# [Work task]
Transcribe the entries in full, keeping each word as it is.
========================================================================
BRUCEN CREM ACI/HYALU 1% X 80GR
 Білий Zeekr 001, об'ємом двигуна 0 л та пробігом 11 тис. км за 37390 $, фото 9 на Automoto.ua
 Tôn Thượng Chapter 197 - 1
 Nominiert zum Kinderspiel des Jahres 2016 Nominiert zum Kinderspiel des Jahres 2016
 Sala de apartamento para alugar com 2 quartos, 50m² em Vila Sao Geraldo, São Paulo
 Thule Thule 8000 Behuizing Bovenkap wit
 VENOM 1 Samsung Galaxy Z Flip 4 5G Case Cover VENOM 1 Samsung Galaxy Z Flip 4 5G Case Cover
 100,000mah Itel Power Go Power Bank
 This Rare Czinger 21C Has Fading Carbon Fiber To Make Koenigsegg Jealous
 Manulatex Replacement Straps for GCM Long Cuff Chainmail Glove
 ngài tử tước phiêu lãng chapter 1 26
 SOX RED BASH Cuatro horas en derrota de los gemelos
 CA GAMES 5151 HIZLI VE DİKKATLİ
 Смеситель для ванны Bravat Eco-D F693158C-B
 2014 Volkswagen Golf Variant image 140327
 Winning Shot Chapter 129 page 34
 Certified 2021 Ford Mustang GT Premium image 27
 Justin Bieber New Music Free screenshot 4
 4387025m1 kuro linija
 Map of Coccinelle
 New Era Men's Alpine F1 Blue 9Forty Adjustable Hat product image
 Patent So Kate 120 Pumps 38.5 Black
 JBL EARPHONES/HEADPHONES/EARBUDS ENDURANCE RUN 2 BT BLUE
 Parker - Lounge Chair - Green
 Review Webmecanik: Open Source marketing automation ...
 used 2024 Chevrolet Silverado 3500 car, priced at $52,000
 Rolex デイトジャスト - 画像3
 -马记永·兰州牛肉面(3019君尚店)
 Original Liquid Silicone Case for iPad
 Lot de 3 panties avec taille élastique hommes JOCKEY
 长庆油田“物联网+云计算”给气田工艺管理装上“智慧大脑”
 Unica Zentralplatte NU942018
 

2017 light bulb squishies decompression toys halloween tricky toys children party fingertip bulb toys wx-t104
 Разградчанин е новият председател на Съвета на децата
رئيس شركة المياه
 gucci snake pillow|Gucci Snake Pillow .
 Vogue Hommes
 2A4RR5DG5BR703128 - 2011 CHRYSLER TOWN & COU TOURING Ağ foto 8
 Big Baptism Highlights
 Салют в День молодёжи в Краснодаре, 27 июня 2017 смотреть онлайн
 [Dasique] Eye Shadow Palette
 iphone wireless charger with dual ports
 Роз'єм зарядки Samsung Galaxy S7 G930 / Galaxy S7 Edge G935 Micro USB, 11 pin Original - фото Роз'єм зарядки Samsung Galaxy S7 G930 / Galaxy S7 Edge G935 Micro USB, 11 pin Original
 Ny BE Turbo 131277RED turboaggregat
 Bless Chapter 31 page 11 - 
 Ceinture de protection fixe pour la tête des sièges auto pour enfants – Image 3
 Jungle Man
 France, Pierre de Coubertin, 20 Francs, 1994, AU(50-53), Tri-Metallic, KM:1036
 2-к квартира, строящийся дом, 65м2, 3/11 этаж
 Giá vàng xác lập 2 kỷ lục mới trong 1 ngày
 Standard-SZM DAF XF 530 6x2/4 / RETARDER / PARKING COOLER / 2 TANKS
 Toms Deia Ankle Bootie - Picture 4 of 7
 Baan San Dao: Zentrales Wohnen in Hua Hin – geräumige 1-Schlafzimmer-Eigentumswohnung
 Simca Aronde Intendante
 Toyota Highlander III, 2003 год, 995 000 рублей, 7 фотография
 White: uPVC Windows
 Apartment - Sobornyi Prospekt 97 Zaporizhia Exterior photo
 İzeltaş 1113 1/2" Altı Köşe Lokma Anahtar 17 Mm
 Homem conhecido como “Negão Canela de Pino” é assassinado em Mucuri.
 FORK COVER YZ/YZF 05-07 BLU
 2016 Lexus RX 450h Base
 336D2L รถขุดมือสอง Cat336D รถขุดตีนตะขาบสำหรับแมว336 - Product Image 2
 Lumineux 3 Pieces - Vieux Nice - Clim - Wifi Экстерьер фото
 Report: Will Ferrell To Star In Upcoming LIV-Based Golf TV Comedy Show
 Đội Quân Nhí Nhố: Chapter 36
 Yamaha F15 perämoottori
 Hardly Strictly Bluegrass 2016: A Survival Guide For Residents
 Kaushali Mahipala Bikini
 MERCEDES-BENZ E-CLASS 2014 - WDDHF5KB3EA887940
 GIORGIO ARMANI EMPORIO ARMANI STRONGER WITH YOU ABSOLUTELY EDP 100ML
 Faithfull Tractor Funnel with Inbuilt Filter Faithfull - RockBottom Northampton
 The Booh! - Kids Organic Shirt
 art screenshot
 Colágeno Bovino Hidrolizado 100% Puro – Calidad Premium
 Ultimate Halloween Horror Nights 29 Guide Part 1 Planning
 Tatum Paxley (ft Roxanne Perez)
========================================================================
# [Reply]
BRUCEN CREM ACI/HYALU 1% X 80GR
 Білий Zeekr 001, об'ємом двигуна 0 л та пробігом 11 тис. км за 37390 $, фото 9 на Automoto.ua
 Tôn Thượng Chapter 197 - 1
 Nominiert zum Kinderspiel des Jahres 2016 Nominiert zum Kinderspiel des Jahres 2016
 Sala de apartamento para alugar com 2 quartos, 50m² em Vila Sao Geraldo, São Paulo
 Thule Thule 8000 Behuizing Bovenkap wit
 VENOM 1 Samsung Galaxy Z Flip 4 5G Case Cover VENOM 1 Samsung Galaxy Z Flip 4 5G Case Cover
 100,000mah Itel Power Go Power Bank
 This Rare Czinger 21C Has Fading Carbon Fiber To Make Koenigsegg Jealous
 Manulatex Replacement Straps for GCM Long Cuff Chainmail Glove
 ngài tử tước phiêu lãng chapter 1 26
 SOX RED BASH Cuatro horas en derrota de los gemelos
 CA GAMES 5151 HIZLI VE DİKKATLİ
 Смеситель для ванны Bravat Eco-D F693158C-B
 2014 Volkswagen Golf Variant image 140327
 Winning Shot Chapter 129 page 34
 Certified 2021 Ford Mustang GT Premium image 27
 Justin Bieber New Music Free screenshot 4
 4387025m1 kuro linija
 Map of Coccinelle
 New Era Men's Alpine F1 Blue 9Forty Adjustable Hat product image
 Patent So Kate 120 Pumps 38.5 Black
 JBL EARPHONES/HEADPHONES/EARBUDS ENDURANCE RUN 2 BT BLUE
 Parker - Lounge Chair - Green
 Review Webmecanik: Open Source marketing automation ...
 used 2024 Chevrolet Silverado 3500 car, priced at $52,000
 Rolex デイトジャスト - 画像3
 -马记永·兰州牛肉面(3019君尚店)
 Original Liquid Silicone Case for iPad
 Lot de 3 panties avec taille élastique hommes JOCKEY
 长庆油田“物联网+云计算”给气田工艺管理装上“智慧大脑”
 Unica Zentralplatte NU942018
 

2017 light bulb squishies decompression toys halloween tricky toys children party fingertip bulb toys wx-t104
 Разградчанин е новият председател на Съвета на децата
رئيس شركة المياه
 gucci snake pillow|Gucci Snake Pillow .
 Vogue Hommes
 2A4RR5DG5BR703128 - 2011 CHRYSLER TOWN & COU TOURING Ağ foto 8
 Big Baptism Highlights
 Салют в День молодёжи в Краснодаре, 27 июня 2017 смотреть онлайн
 [Dasique] Eye Shadow Palette
 iphone wireless charger with dual ports
 Роз'єм зарядки Samsung Galaxy S7 G930 / Galaxy S7 Edge G935 Micro USB, 11 pin Original - фото Роз'єм зарядки Samsung Galaxy S7 G930 / Galaxy S7 Edge G935 Micro USB, 11 pin Original
 Ny BE Turbo 131277RED turboaggregat
 Bless Chapter 31 page 11 - 
 Ceinture de protection fixe pour la tête des sièges auto pour enfants – Image 3
 Jungle Man
 France, Pierre de Coubertin, 20 Francs, 1994, AU(50-53), Tri-Metallic, KM:1036
 2-к квартира, строящийся дом, 65м2, 3/11 этаж
 Giá vàng xác lập 2 kỷ lục mới trong 1 ngày
 Standard-SZM DAF XF 530 6x2/4 / RETARDER / PARKING COOLER / 2 TANKS
 Toms Deia Ankle Bootie - Picture 4 of 7
 Baan San Dao: Zentrales Wohnen in Hua Hin – geräumige 1-Schlafzimmer-Eigentumswohnung
 Simca Aronde Intendante
 Toyota Highlander III, 2003 год, 995 000 рублей, 7 фотография
 White: uPVC Windows
 Apartment - Sobornyi Prospekt 97 Zaporizhia Exterior photo
 İzeltaş 1113 1/2" Altı Köşe Lokma Anahtar 17 Mm
 Homem conhecido como “Negão Canela de Pino” é assassinado em Mucuri.
 FORK COVER YZ/YZF 05-07 BLU
 2016 Lexus RX 450h Base
 336D2L รถขุดมือสอง Cat336D รถขุดตีนตะขาบสำหรับแมว336 - Product Image 2
 Lumineux 3 Pieces - Vieux Nice - Clim - Wifi Экстерьер фото
 Report: Will Ferrell To Star In Upcoming LIV-Based Golf TV Comedy Show
 Đội Quân Nhí Nhố: Chapter 36
 Yamaha F15 perämoottori
 Hardly Strictly Bluegrass 2016: A Survival Guide For Residents
 Kaushali Mahipala Bikini
 MERCEDES-BENZ E-CLASS 2014 - WDDHF5KB3EA887940
 GIORGIO ARMANI EMPORIO ARMANI STRONGER WITH YOU ABSOLUTELY EDP 100ML
 Faithfull Tractor Funnel with Inbuilt Filter Faithfull - RockBottom Northampton
 The Booh! - Kids Organic Shirt
 art screenshot
 Colágeno Bovino Hidrolizado 100% Puro – Calidad Premium
 Ultimate Halloween Horror Nights 29 Guide Part 1 Planning
 Tatum Paxley (ft Roxanne Perez)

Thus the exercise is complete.